We get a shot of a couple and their kid approaching the Draper door, and then inside, we see Betty pouring a liberal amount of the contents of a bottle of what we'll soon learn is bourbon into a small punch pitcher. I just hope the kids don't think it's Kool-Aid, or that playhouse is going to get awfully messy. She finishes up the preparation and is soon serving the guests mint juleps in proper traditional silver cups. Freely admitting that I'm not much for kids, I still think it's remarkable that these people are going to be parenting after knocking a few of these back. Betty tells the adults what's on the menu and apologizes that she was unable to get some clown for the party, who apparently booked an off-Broadway show. We get a quick look at Francine's husband, Carlton, and then some jerk "Chet" tells another spousal-abuse joke over his wife's objections, and I know this was a different time but I really think not only implying, but saying that you'd be psyched if your wife drowned is not really all that hilarious. I mean, I get that the show is continuing to emphasize people's below-the-surface resentment of marriage, but was 1960 too sophisticated for mother-in-law jokes? All this suburbia is too much for Don, so he heads out of the room with Carlton following him. Carlton notes from the house that Don must be doing well, and opines that they have it all. Don: "Yup, this is it!" And he means that, or his name isn't Don Draper.

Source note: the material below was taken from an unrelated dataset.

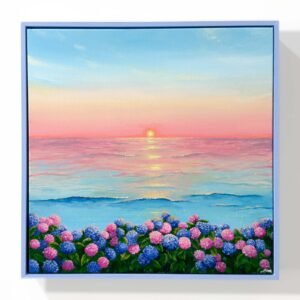 "Quiet Happiness" on 40x40cm gallery canvas with floating frame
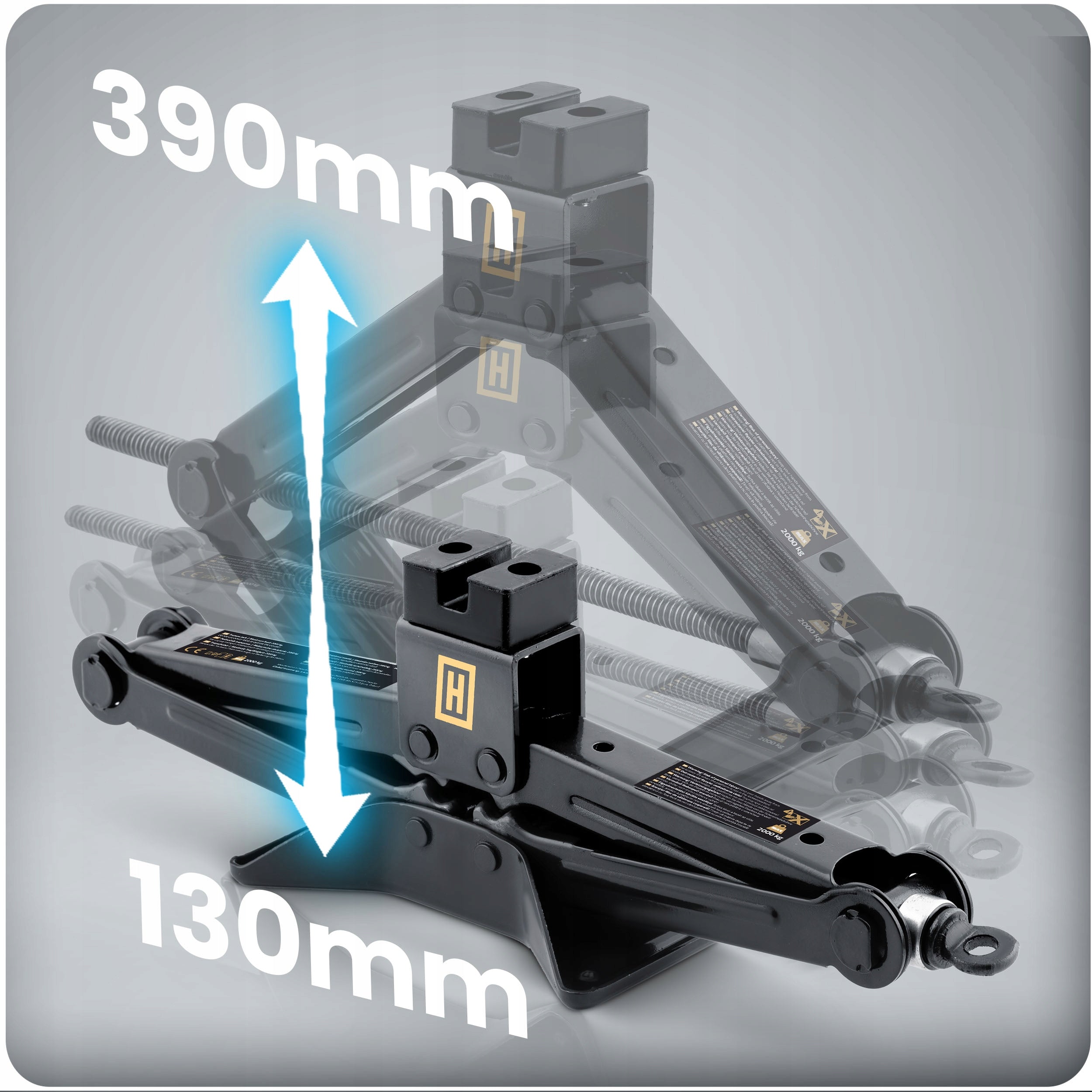 CAR LIFT TRAPEZOIDAL JACK FOR WHEEL REPLACEMENT 2000KG TRAPEZOID 2T Lifting capacity 2000 kg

In the kitchen, the women are having a little chat about their husbands and the unreasonable demands they place on their sons for the purpose of vicarious thrills. The doorbell then rings, and Betty goes to the front door to find Helen Bishop and her son Glen. Helen awkwardly apologizes, explaining that the door was ajar, and hands over a gift, apologizing again for the fact that she hasn't finished unpacking and hence could only find Christmas wrapping paper. Betty graciously says that as far as she's concerned, it should be Christmas all year 'round. She's being nice, so I suppose I'll have to forgive her for giving me the cold chills there.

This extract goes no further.